WHAT IS BEING ASKED> Note the line containing "Predsednik Joe Biden"; from it through the last line below, give only those lines again, exactly, both ends included, skipping pictures.
##### DATASET ENTRIES
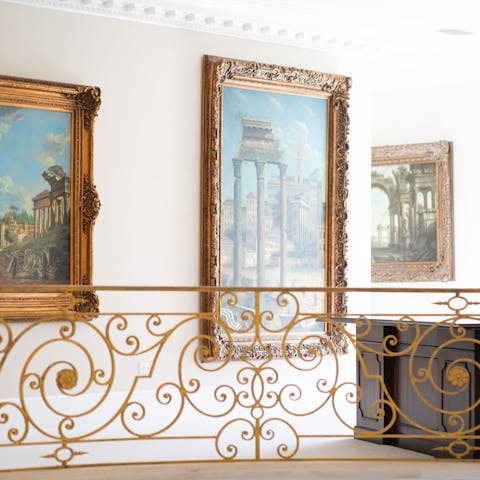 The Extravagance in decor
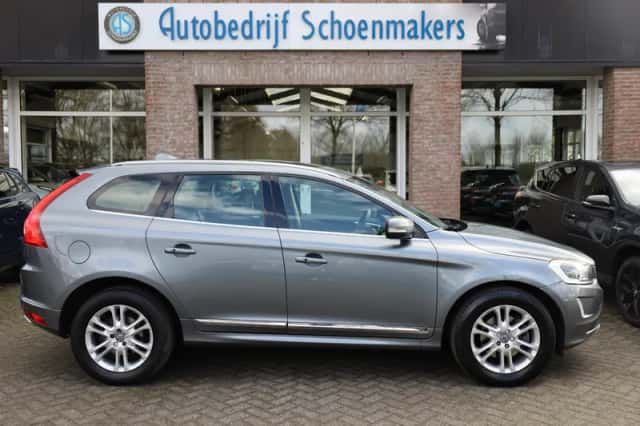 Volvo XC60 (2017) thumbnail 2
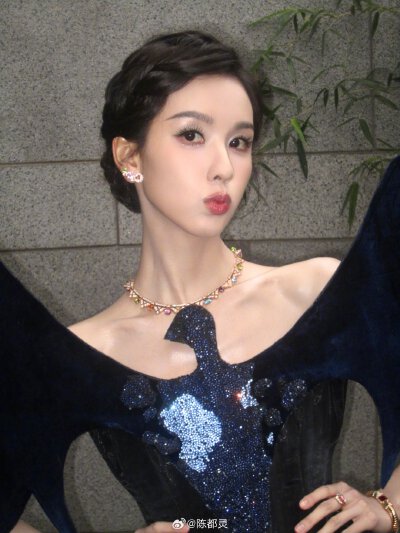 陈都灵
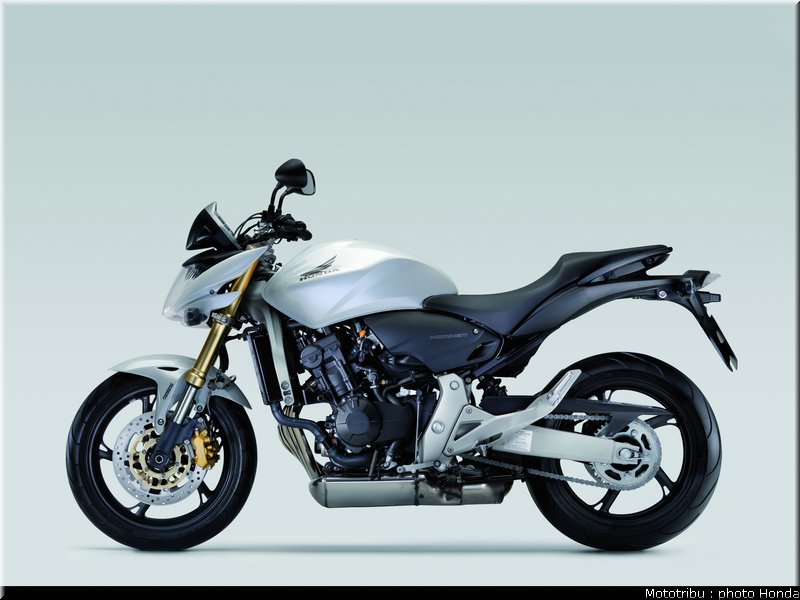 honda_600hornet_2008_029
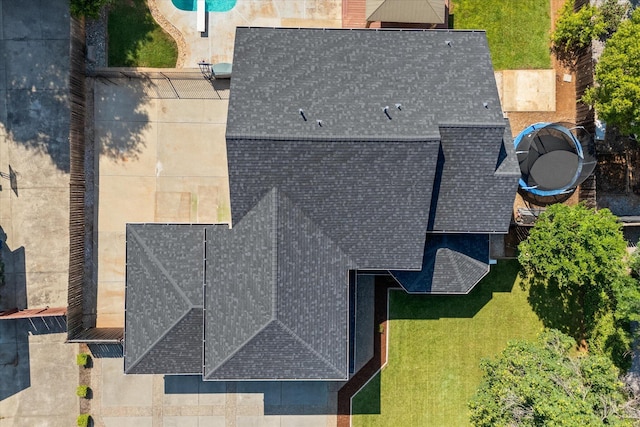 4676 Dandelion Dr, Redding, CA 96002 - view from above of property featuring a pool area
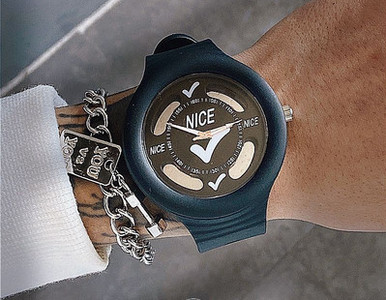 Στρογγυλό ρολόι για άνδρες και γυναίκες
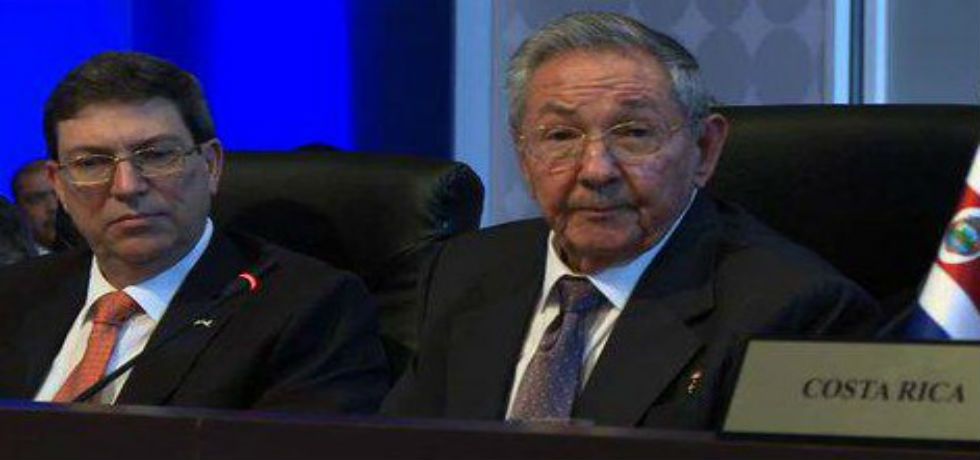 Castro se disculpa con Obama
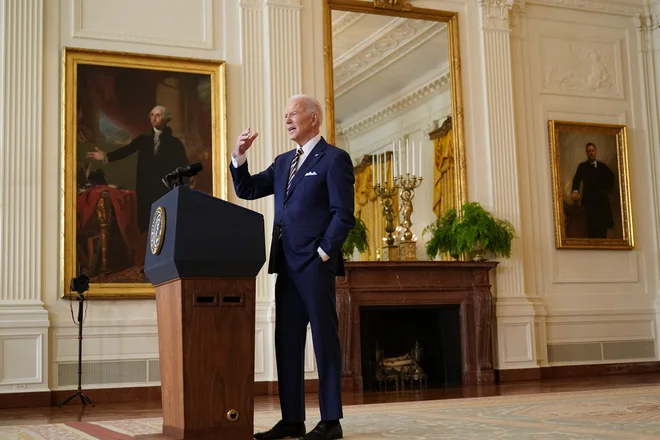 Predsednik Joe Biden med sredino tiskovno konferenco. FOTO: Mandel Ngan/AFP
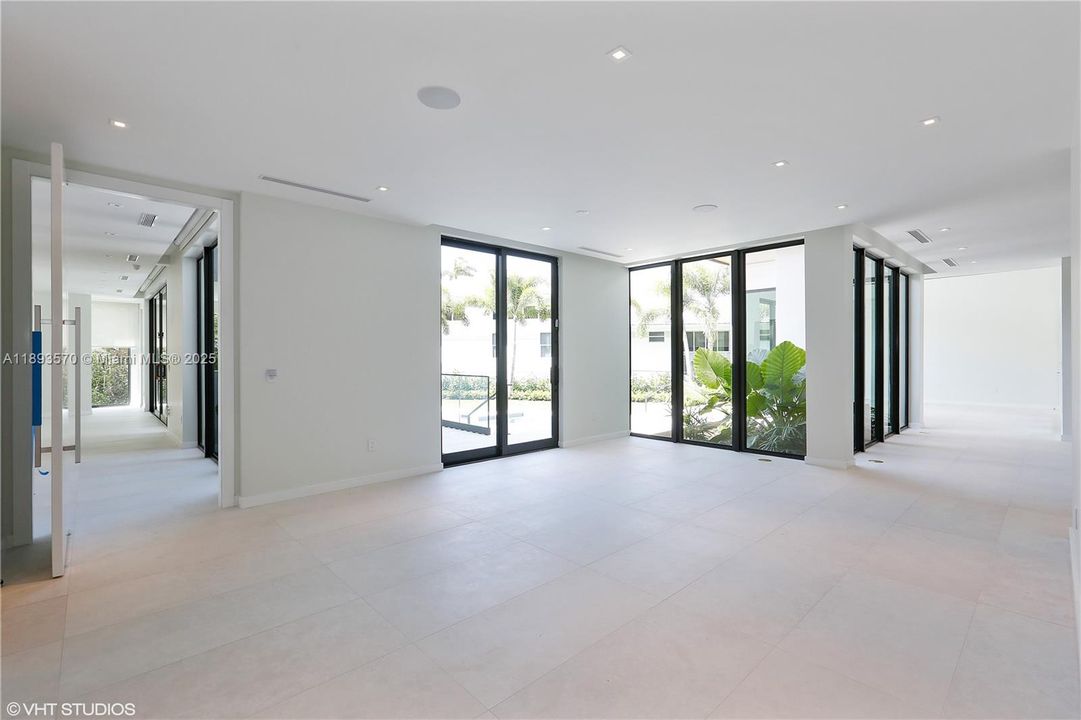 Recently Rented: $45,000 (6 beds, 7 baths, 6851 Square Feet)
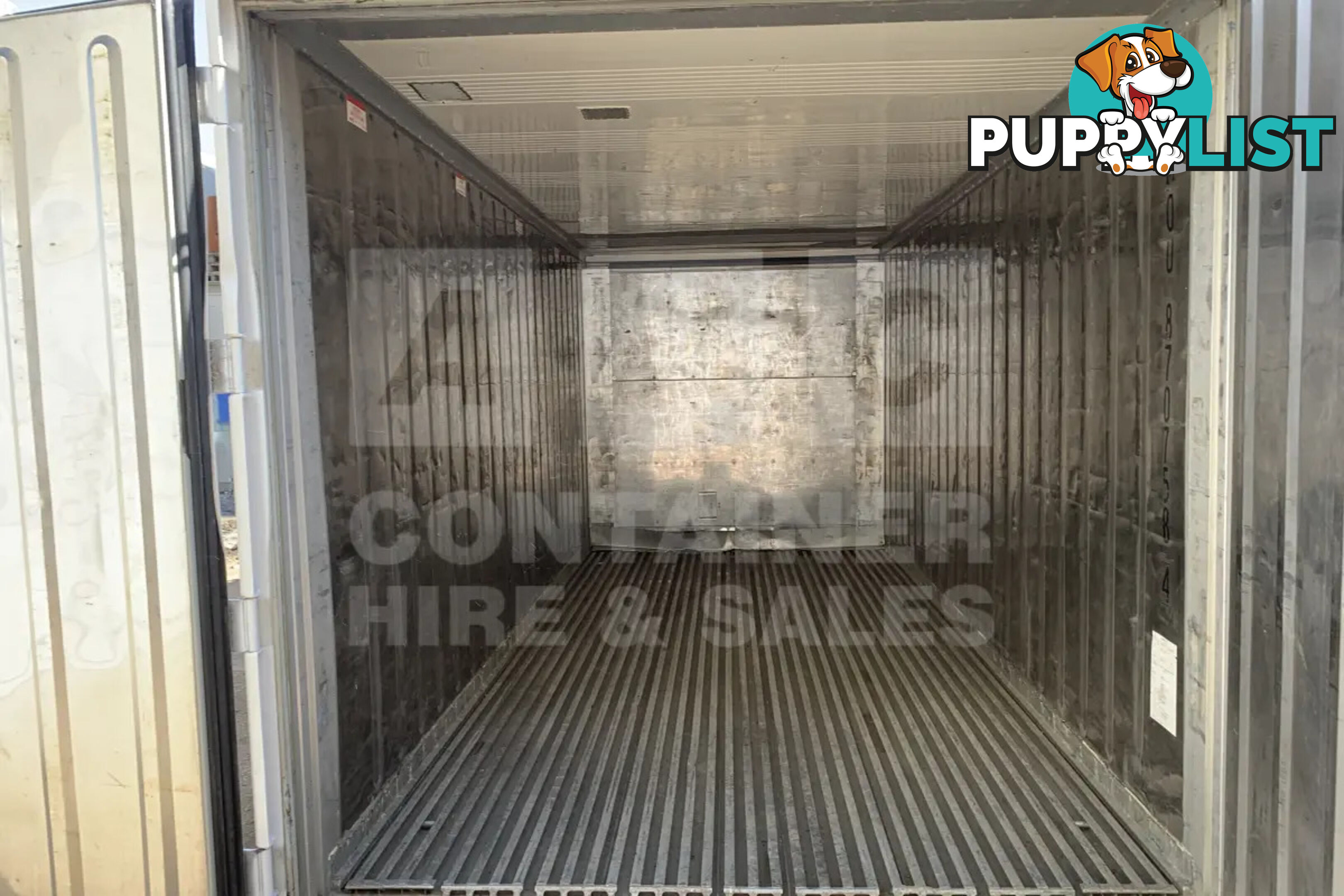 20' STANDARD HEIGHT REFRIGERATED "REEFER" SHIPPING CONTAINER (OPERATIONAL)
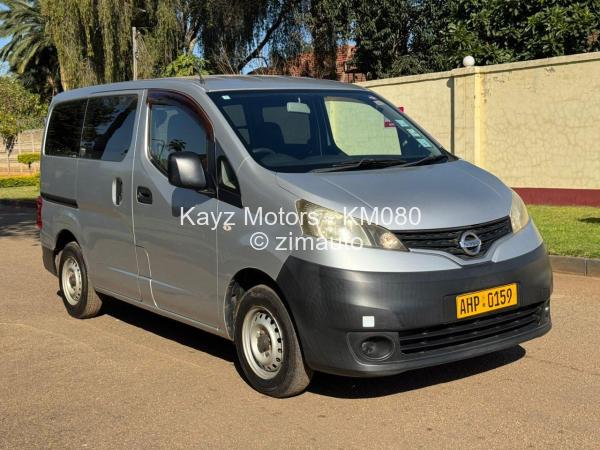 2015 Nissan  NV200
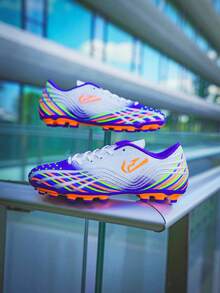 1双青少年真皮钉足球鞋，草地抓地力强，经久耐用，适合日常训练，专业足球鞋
##########
ANSWER TO THIS TASK>
 Predsednik Joe Biden med sredino tiskovno konferenco. FOTO: Mandel Ngan/AFP
 Recently Rented: $45,000 (6 beds, 7 baths, 6851 Square Feet)
 20' STANDARD HEIGHT REFRIGERATED "REEFER" SHIPPING CONTAINER (OPERATIONAL)
 2015 Nissan  NV200
 1双青少年真皮钉足球鞋，草地抓地力强，经久耐用，适合日常训练，专业足球鞋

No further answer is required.